The progress counter inevitably would start with a time so I could have
an idea of when to come back to a finished install or to change CDs.
With few exceptions I'd return and find everything about halfway
through what I expected and the total time expected to take had more
than doubled. The only times it didn't happen that way were when I sat
waiting for things to move to the next stage. During those times I'd
get to watch the overall time and time left counters bounce higher and
lower after each package, and it was always higher in aggregate.

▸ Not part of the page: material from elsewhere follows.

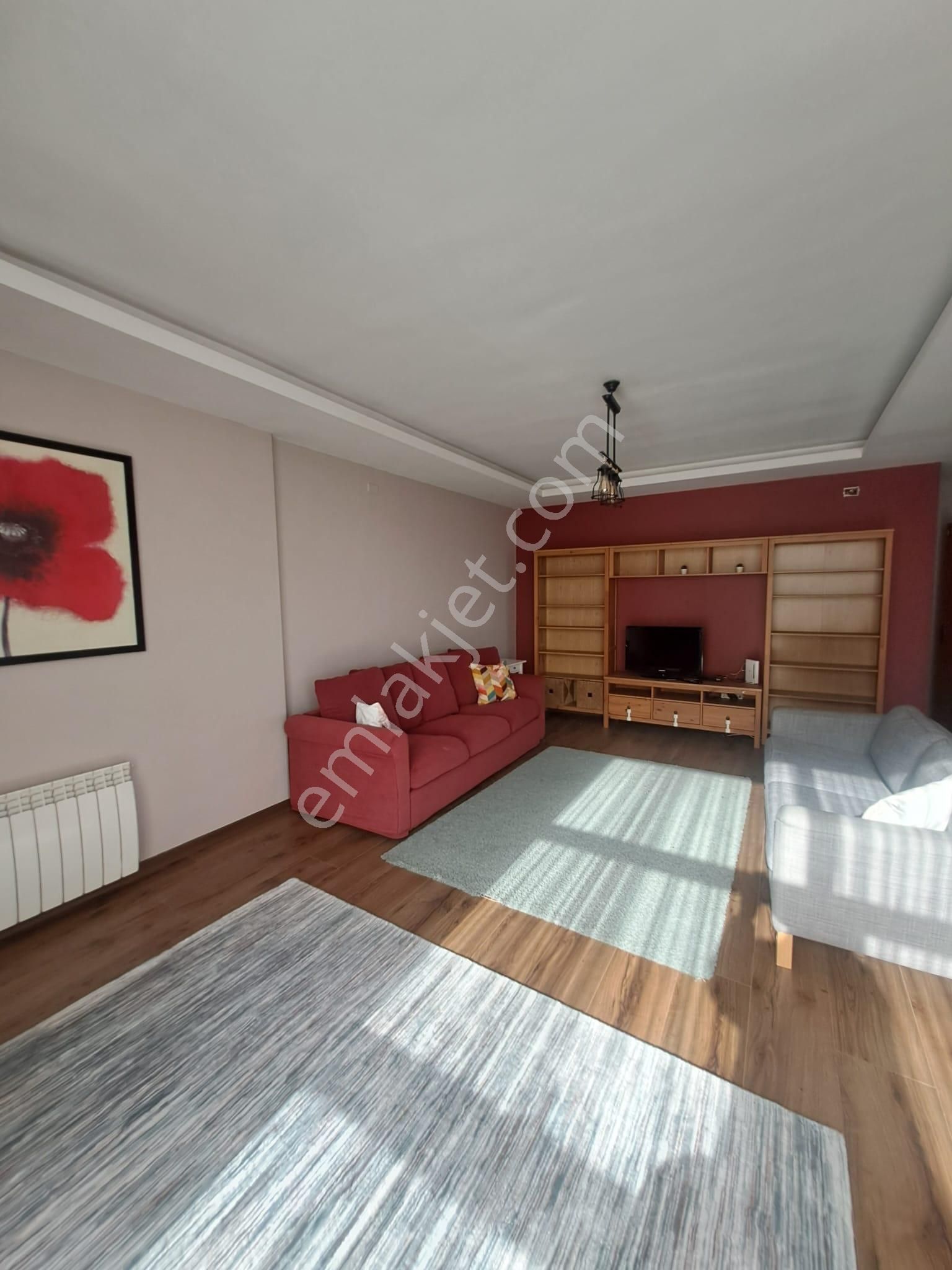 Re/max Advantage'den Balat'ta Eşyalı Kiralık 3+1 Daire - Görsel 3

I've seen a number of other installs do similar things since that time.
The live CDs and some other things have sidestepped that pretty much by
telling you how long things *could* take, and giving a progress bar
that gives a measure of percent (or relative size) completed, with no
timing mechanisms attached.

I used to have to copy several megabyte from a networked drive to the
local machine and back to another networked drive while running XP. It
took no more than a handful of minutes from drive to machine, and the
progress bar wasn't too awful inaccurate (jumping between displaying 10
minutes, 1 minute, 5 minutes, etc left randomly). The operation from
machine to network took about an hour. The progress counter for the
second leg would gradually rise to 10 hours, drop to an hour, drop to
45 minutes, go to 8 hours, drop to 3 hours, go to 14 hours, drop to 2
hours, etc.

Progress bars are one thing. Trying to time the activities they're
supposed to be measuring isn't among the brightest ideas anybody has
come up with since they seemingly can't account for all of the
variables that affect what the operations are doing. So it's probably
best to leave things as a measure of overall size and completion
instead of overall time.

However, if they're going to use a progress bar, they should make sure
it actually moves at some point as things progress, counter to what is
stated on the 60% completed of Fisted operations above.

-- 
Windows - Where user apps destroy your OS.